One suspects that his mental model for political change in the world comes from the civil rights movement in the US. In that history (or, at least, the myth of that history), peaceful moral suasion by the oppressed acted upon the consciences of the powerful. This is an important story for a great, free, self-improving country like America. But it is a fat lot of good as the basis of foreign policy. Indeed a fat lot of Obama’s rather self-regarding goodness is a problem for the rest of us.
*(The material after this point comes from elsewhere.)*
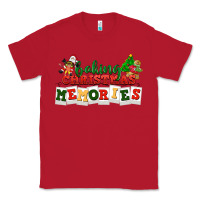 Red Baking Christmas memories Classic Tee - NancyCooperArtShop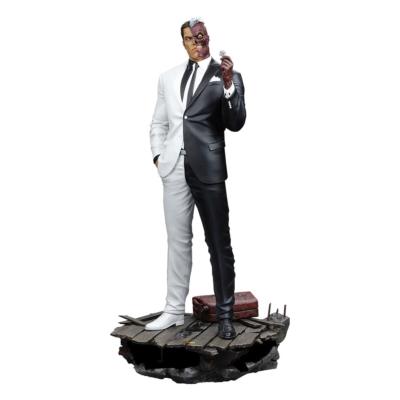 DC Comics statuette 1/4 Two-Face 55 cm | TWEETERHEAD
All my life, many people, by no means all of them on the left, have complained about the extent of American power. They have seen it as bungling, bullying, crude, even oppressive. Sometimes, particularly in regard to the Middle East, they have been right. Europhiles have sought to counter American power by building up the EU’s strength. Nationalists have sought to expel it and be ‘‘ourselves alone’’. But they have said these things and made these gestures in the knowledge that US power has been real. Will they be pleased if what they thought they wished for is actually happening?
It feels as if the world is in for a more dangerous time than any since the Carter/Brezhnev era of the late-70s – or worse, because things today are more unpredictable.
Charles Moore is a former editor of The Spectator and The Telegraph, London.